*ASSIGNED TASK*.
Repeat exactly the lines below, from the line containing "Rabalux Rabalux LED" through the last line, both included. Leave out any pictures.

*DATA SHOWN*.
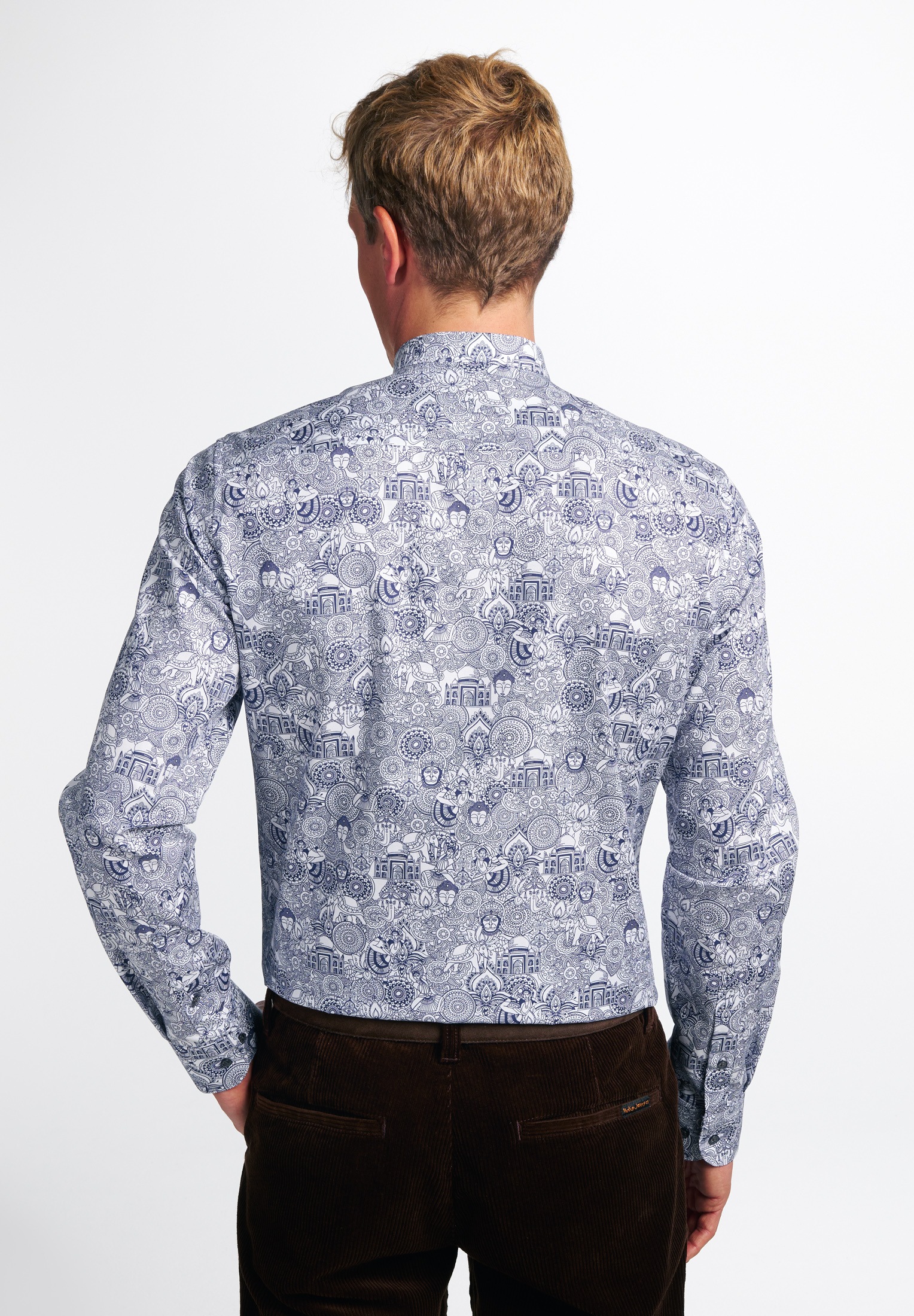 Eterna Langarmhemd »SLIM FIT« NON IRON (bügelfrei)
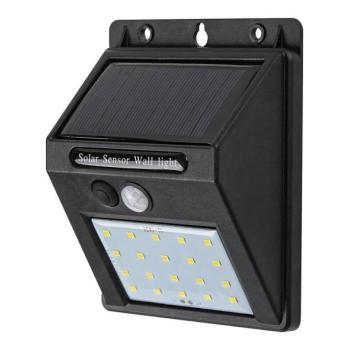 Rabalux Rabalux LED napelemes fali lámpa érzékelővel, IP44 védelem  kép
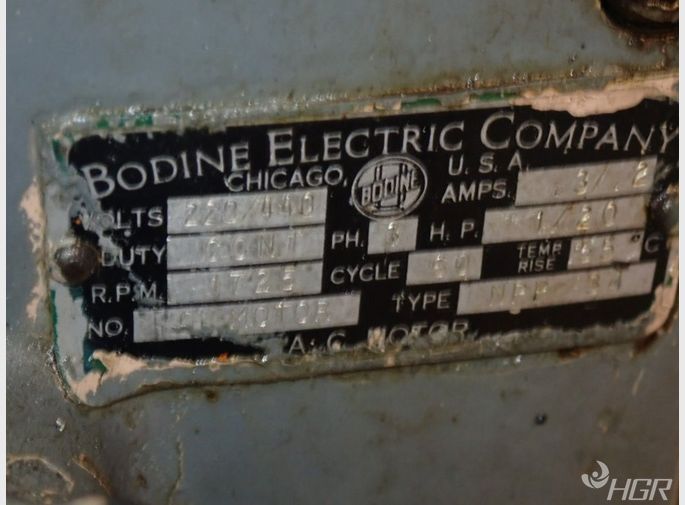 Barber Colman Gear Hobbing Machine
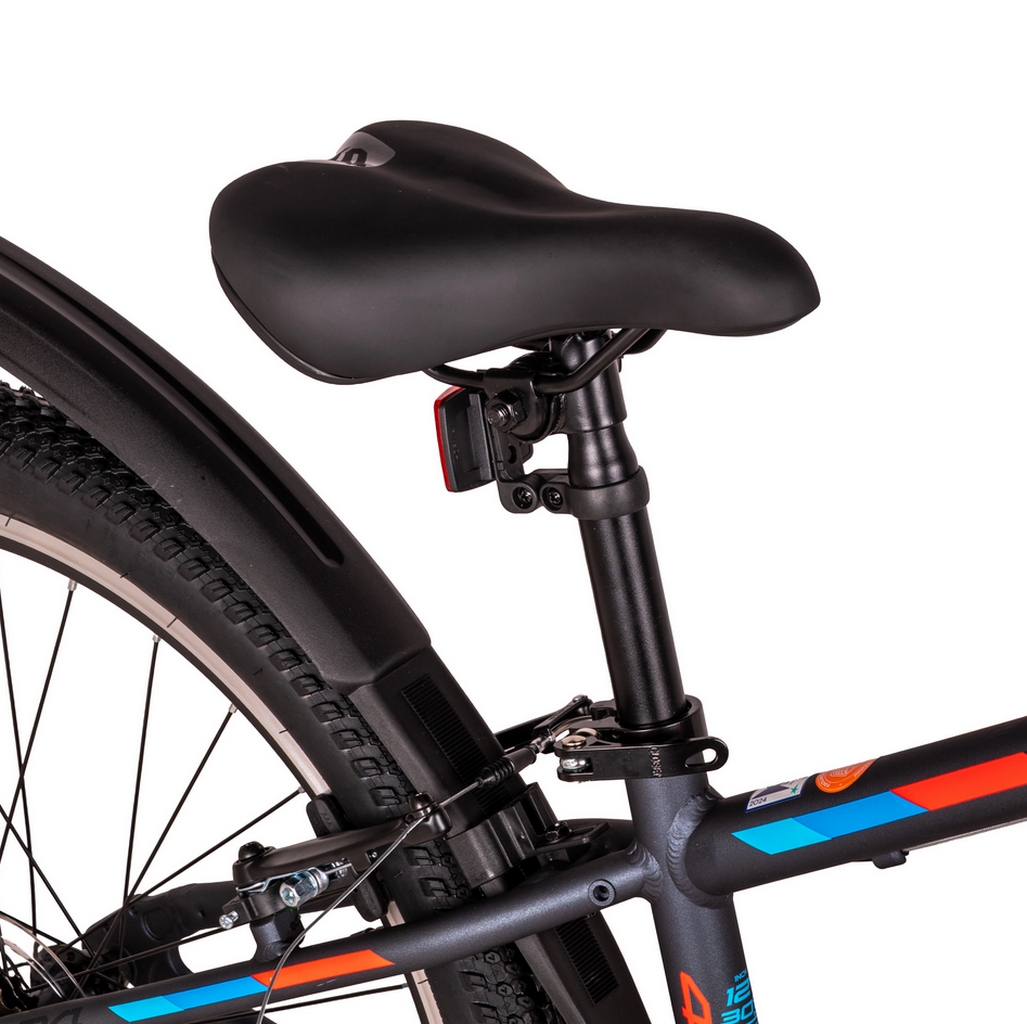 Велосипед 24" Stels Turbo 420 V (рама 12) (ALU рама) (6-ск.) 2026 X0000001861 Антрацитовый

*ANSWER TO THIS PROBLEM*.
 Rabalux Rabalux LED napelemes fali lámpa érzékelővel, IP44 védelem  kép
 Barber Colman Gear Hobbing Machine
 Велосипед 24" Stels Turbo 420 V (рама 12) (ALU рама) (6-ск.) 2026 X0000001861 Антрацитовый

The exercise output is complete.